Exercise aim: A full, word-for-word copy of the listing below is needed; leave the images out of it.

* * *

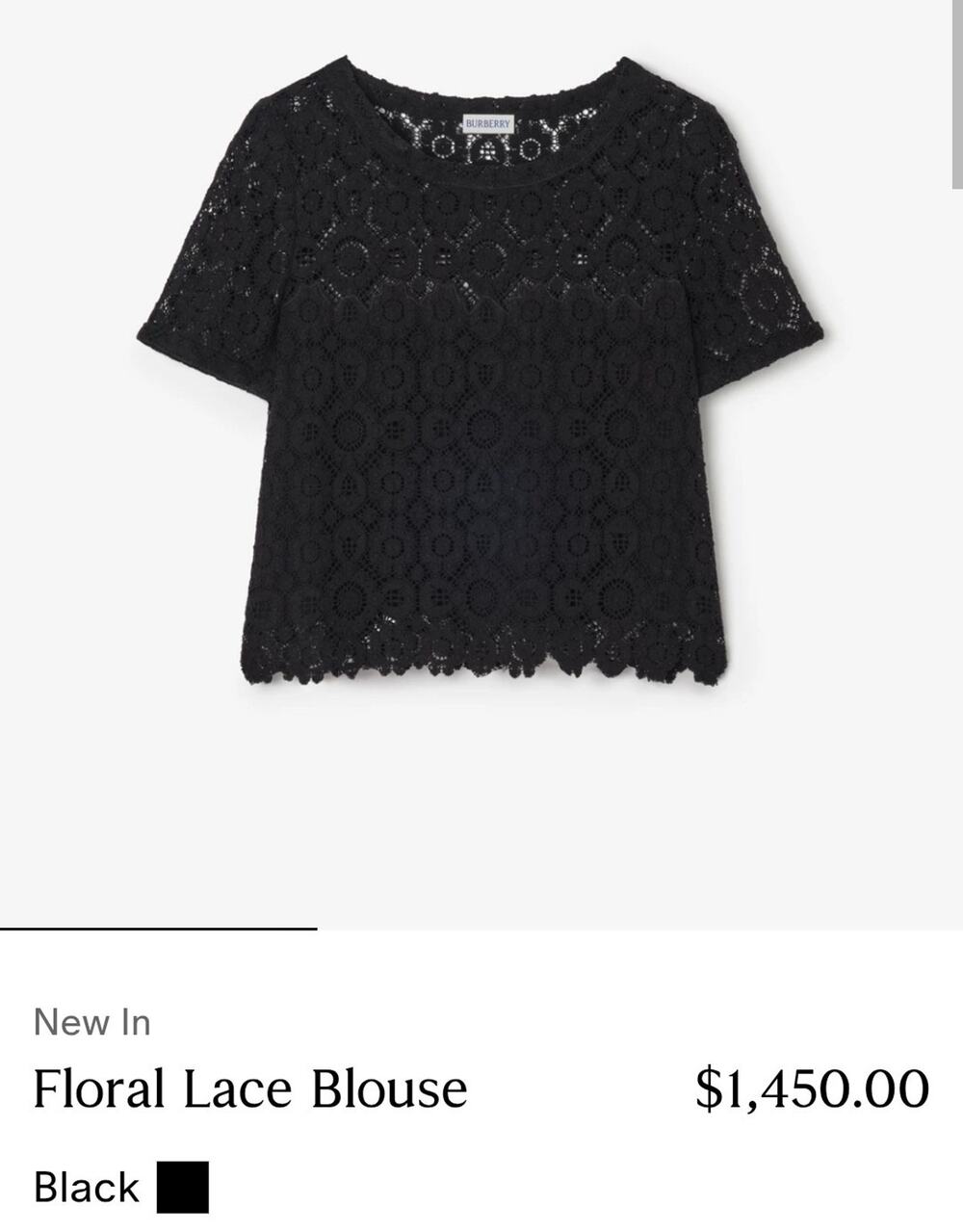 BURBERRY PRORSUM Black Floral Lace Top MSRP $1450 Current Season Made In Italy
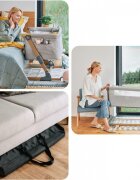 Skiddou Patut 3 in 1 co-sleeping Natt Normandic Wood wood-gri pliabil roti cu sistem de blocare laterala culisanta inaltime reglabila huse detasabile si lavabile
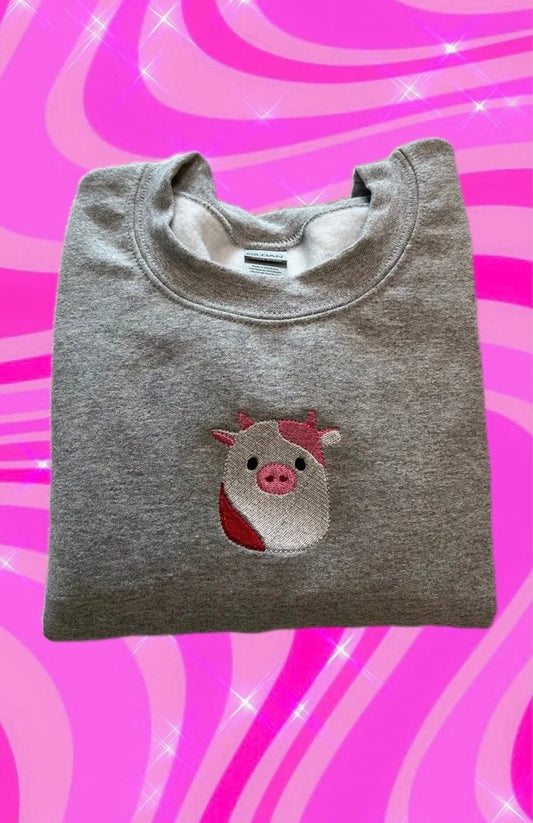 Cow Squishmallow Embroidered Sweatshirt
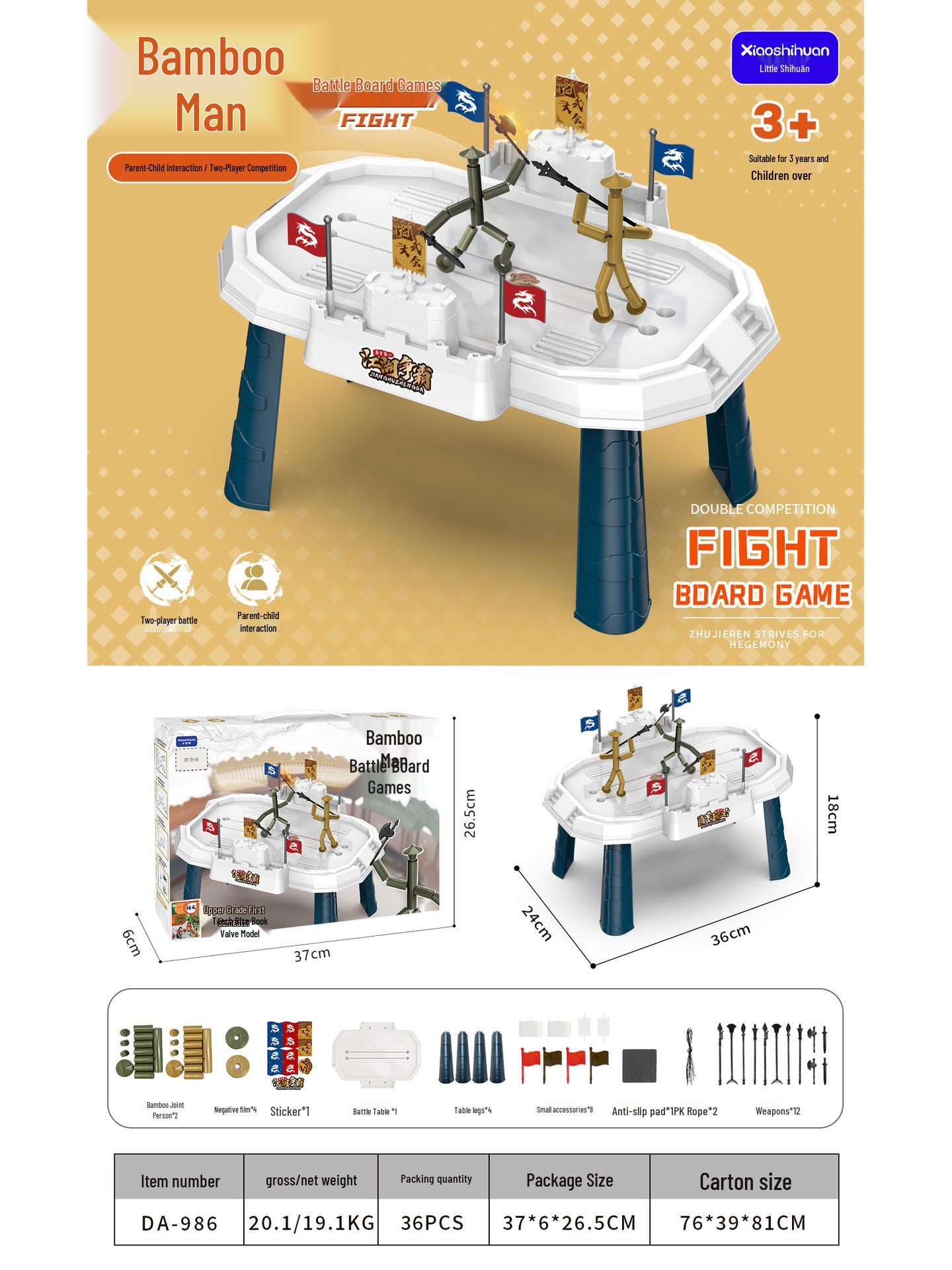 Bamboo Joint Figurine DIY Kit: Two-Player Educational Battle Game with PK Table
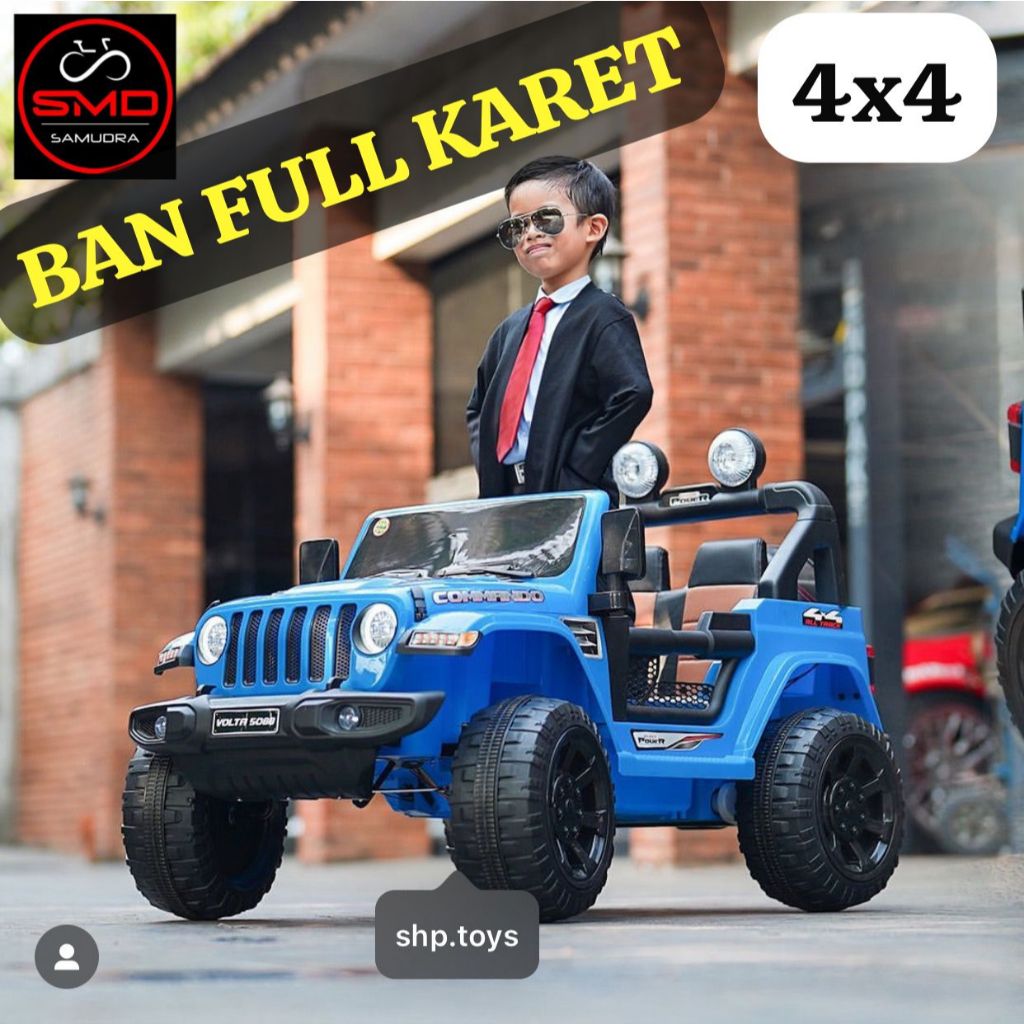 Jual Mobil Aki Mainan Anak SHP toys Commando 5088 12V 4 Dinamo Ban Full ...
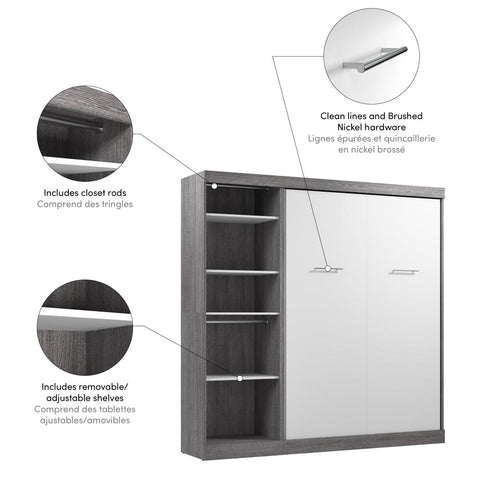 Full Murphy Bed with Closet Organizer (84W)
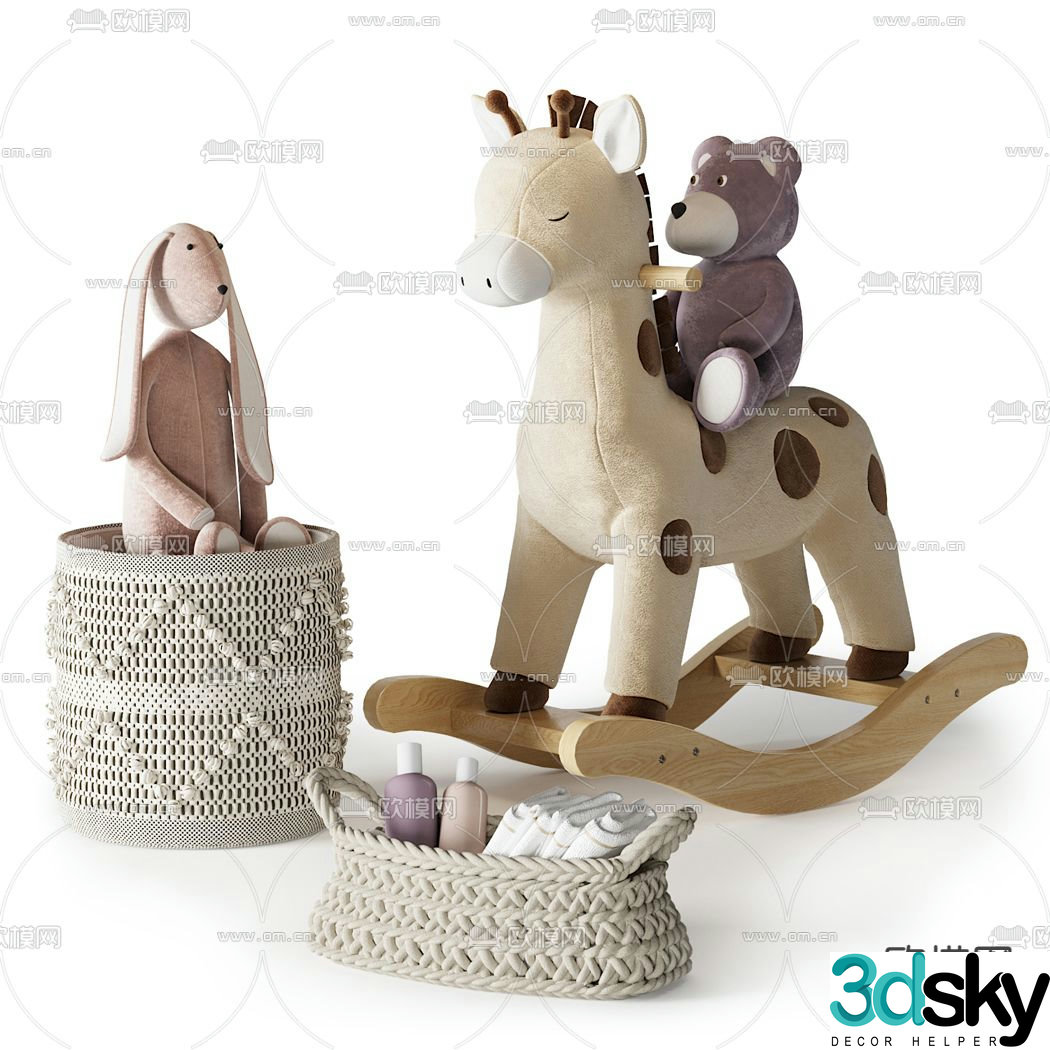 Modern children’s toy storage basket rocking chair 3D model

* * *

Result of the exercise:
 BURBERRY PRORSUM Black Floral Lace Top MSRP $1450 Current Season Made In Italy
 Skiddou Patut 3 in 1 co-sleeping Natt Normandic Wood wood-gri pliabil roti cu sistem de blocare laterala culisanta inaltime reglabila huse detasabile si lavabile
 Cow Squishmallow Embroidered Sweatshirt
 Bamboo Joint Figurine DIY Kit: Two-Player Educational Battle Game with PK Table
 Jual Mobil Aki Mainan Anak SHP toys Commando 5088 12V 4 Dinamo Ban Full ...
 Full Murphy Bed with Closet Organizer (84W)
 Modern children’s toy storage basket rocking chair 3D model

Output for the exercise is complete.